花まるの野外体験には、食べ始めてから最初の2 分間は、苦手なものに挑戦した人・頑張って食べた人に「おめでとうコール」を送ります。
 僕もおめでとうコールをしてもらいたい、K くんはそんな気持ちで大きいトマトに挑戦しました。K くんは一口食べるごとに頭を抱え、悶絶しながら食べ続け、気づけば完食していました。
 勇気を出して挑戦しているK くんの姿を隣で見ていた、四年生のY くん。Y くんにも苦手な食べ物がありましたが、何も言わず毎食完食しました。最終日、バスに乗る前にお家の人に一番伝えたいことは何か聞いてみると、「苦手なものに挑戦したこと!」と言います。理由を聞いてみると、 「K くんがあれだけ頑張って食べていたら、僕も頑張らなきゃ。食べてみようかなって思ったんだ。 」 と話しました。
Y くんはK くんの姿を見て、勇気をもらったに違いありません。
 自分の中にある小さな勇気、そして仲間が頑張っている姿、応援、いろいろなことが重なって、自分もやってみよう、と挑戦することができたのだと思います。

 サマースクールでは、たくさんの小さな勇気が大きな勇気へと変わりました。誰もが持っている小さな勇気を、どう大きな勇気へと変えるか。一人だったら乗り越えられなかったことも、仲間がいるから頑張れたのです。

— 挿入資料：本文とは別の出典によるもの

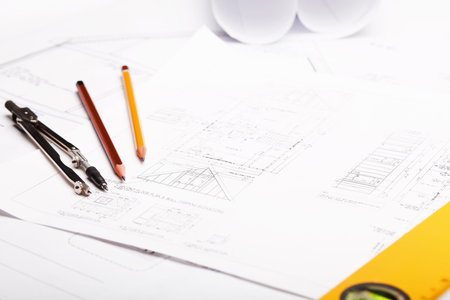 Tools and papers with sketches on the table
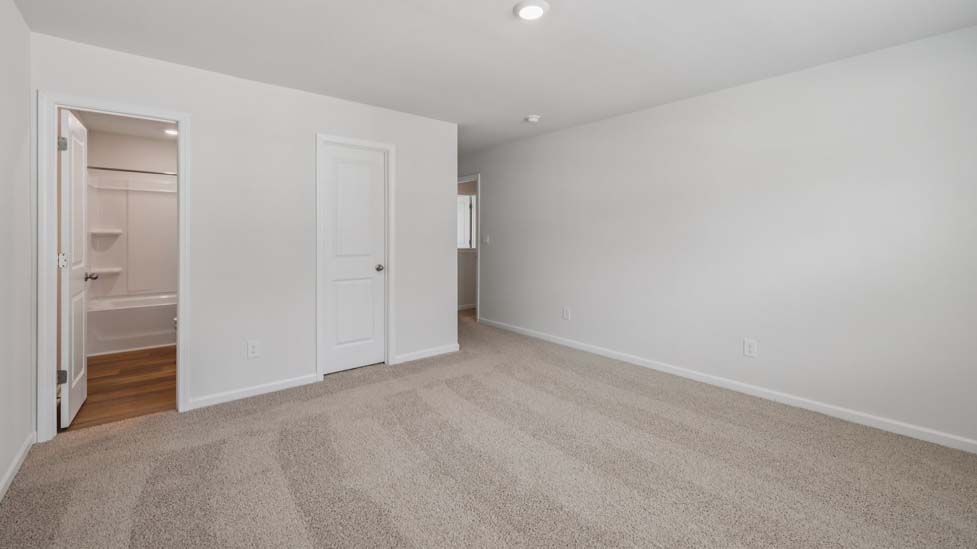 Carpeted bedroom with large window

 大人から見れば、小さなことかもしれませんが、 子どもたちにとっては大きな一歩です。大人がいるから頑張れることもあれば、仲間がいるから頑張れることもあります。勇気は人から人へと伝わっていきます。仲間の勇気を見て、感化されるのが野外体験です。
 
 まもなく、次の夏がやってきます。今年のサマースクールでも一人ひとりの小さな勇気が多くの子どもたちに伝染し、大きな勇気となることを願っています。